Somewhat appropriately, there’s an element of cannibalisation about the genre, with cheap knock-offs of bigger hits. So the follow up, Mega Piranha, is simply cashing in on Piranha 3D’s popularity and it even co-stars Gibson’s former pop-rival, Tiffany. Mega Python vs Gatoroid is out next year, starring both Tiffany and Gibson, and they finally get to fight each other – at one point using cake as a primary weapon. The trailer is already online.
This element of fun had been missing from horror films for too long. Quentin Tarantino and Robert Rodriguez made an interesting stab at reinvigorating the genre in 2007 with their Grindhouse special, Planet Terror/ Death Proof, but it felt more like a fan’s self indulgent pet project and the double-bill format left many cold — not least Harvey Weinstein who lost money on the project. The basic idea was, however, laudable.
Horrors have recently trended towards so-called “torture porn” (Hostel, Saw, Wolf Creek, etc.) or remakes of psychological Japanese horrors, such as The Ring, The Grudge, One Missed Call or Dark Water rather than the make-em-jump-make-em-laugh films that many of us grew up watching in cinemas.
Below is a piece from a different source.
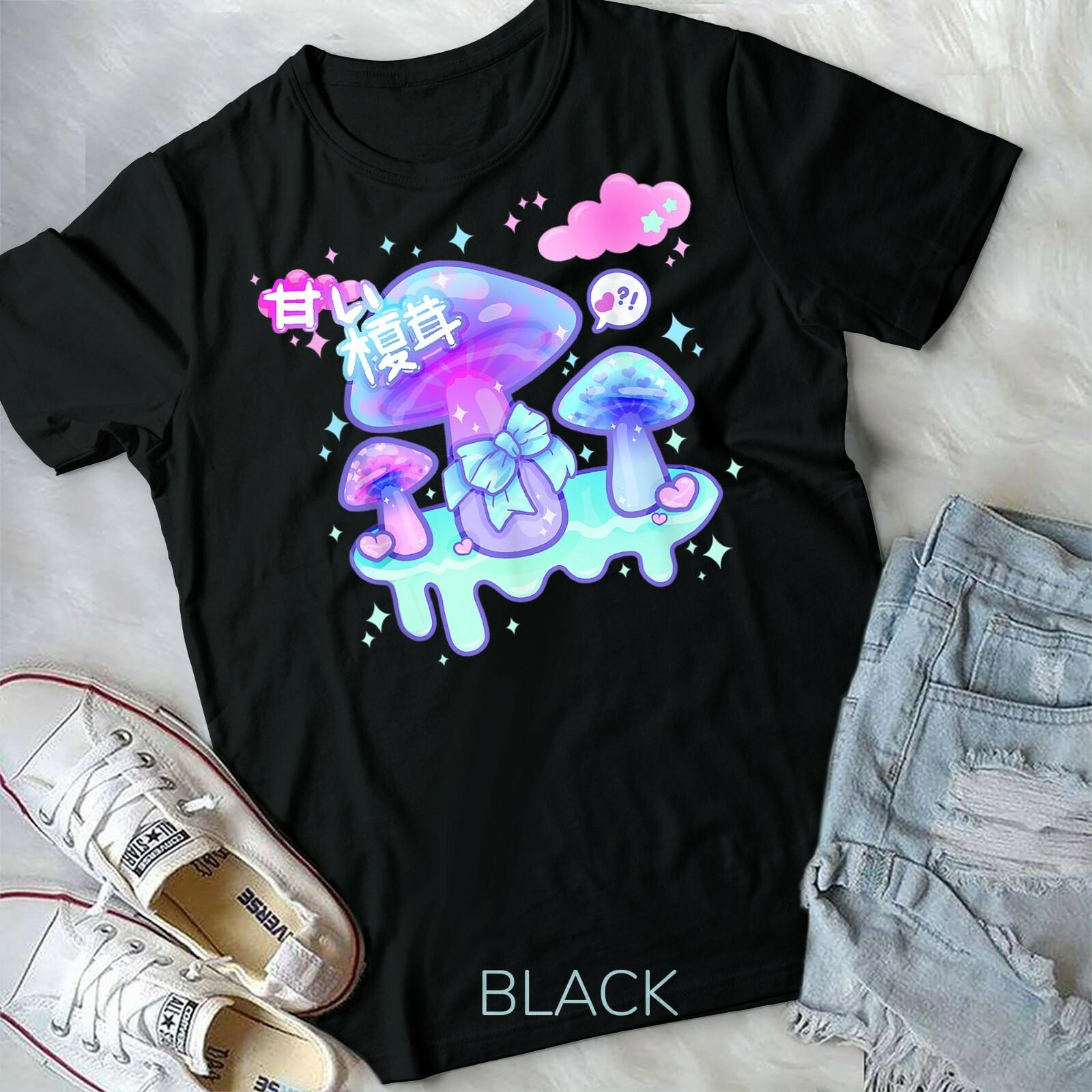 Pastel Goth Mushroom Yumi Kawaii LSD Harajuku Japan Pagan Unisex Form T-shirt XXL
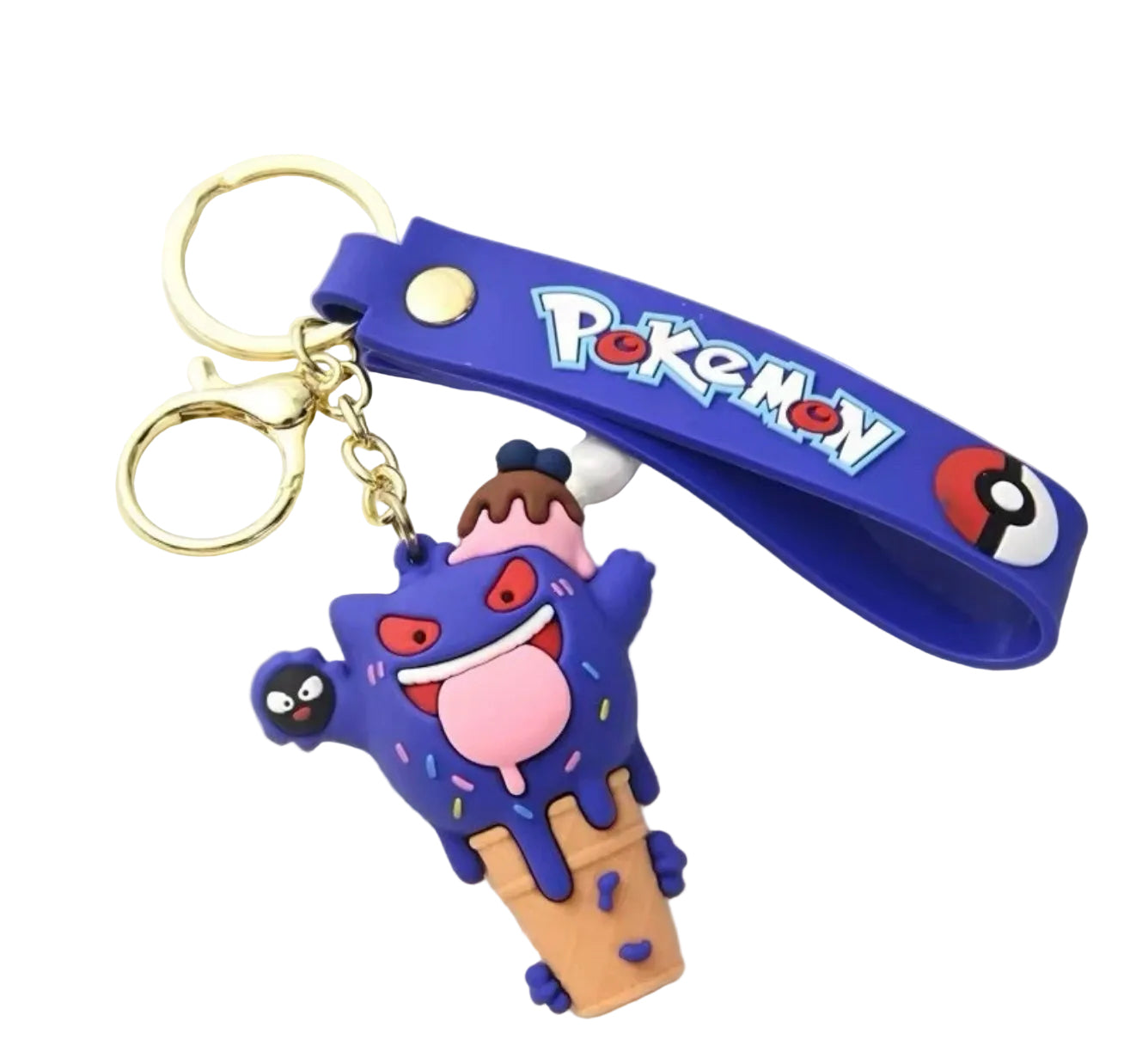 Pokémon Gengar Ice Cream Cone Keychain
Ruggero Deodato, the director of the notorious and once-banned Cannibal Holocaust (1980), had decided not to make a follow-up because he believed that it would be too violent for mainstream audiences, but changed his mind upon seeing Eli Roth’s Hostel. Roth — who incidentally, appears in Piranha 3D as a the MC of a wet T-shirt contest — went on record saying, “I’d seen all these films on the festival circuit like Audition, Ichi the Killer, Sympathy for Mr Vengeance, and I said: ‘This is the kind of movie I want to make. Something that’s sick, and disturbing, and f***ed-up… But I wanted it also to be a fun ride.” That ride, in general, has been veering off into increasingly more disturbing, and less fun, places.
This has recently reached either a logical conclusion or a sickening nadir, depending on your perspective, with the 2010 films The Human Centipede and A Serbian Film — the latter of which is struggling to even receive a classification such is the savagely nihilistic nature of its content. The screenwriter of A Serbian Film, Srdjan Spasojevic, argued that his film was “a diary of our own molestation by the Serbian government… It’s about the monolithic power of leaders who hypnotise you to do things you don’t want to do. You have to feel the violence to know what it’s about.” Perhaps, but trust us, you really don’t want to see this film.
Art may well reflect society and we do live in an era where torture is a social issue. But horror films weren’t supposed to be about real life, and the genre lost something important along the way — escapist entertainment. There were no laughs, little fun and not a screaming teen in a bikini anywhere. The goofy creature features that we’re seeing now right that wrong, and the motherlode of screaming bikini-clad teens that was
Piranha 3D has proven there’s a market. The sequel has been greenlit and this could open the cinematic door for a return to the popcorn horror films that had previously been confined to cable channels and the DVD market. All this is proof that, despite what you think you saw on screen, the creature is never really dead.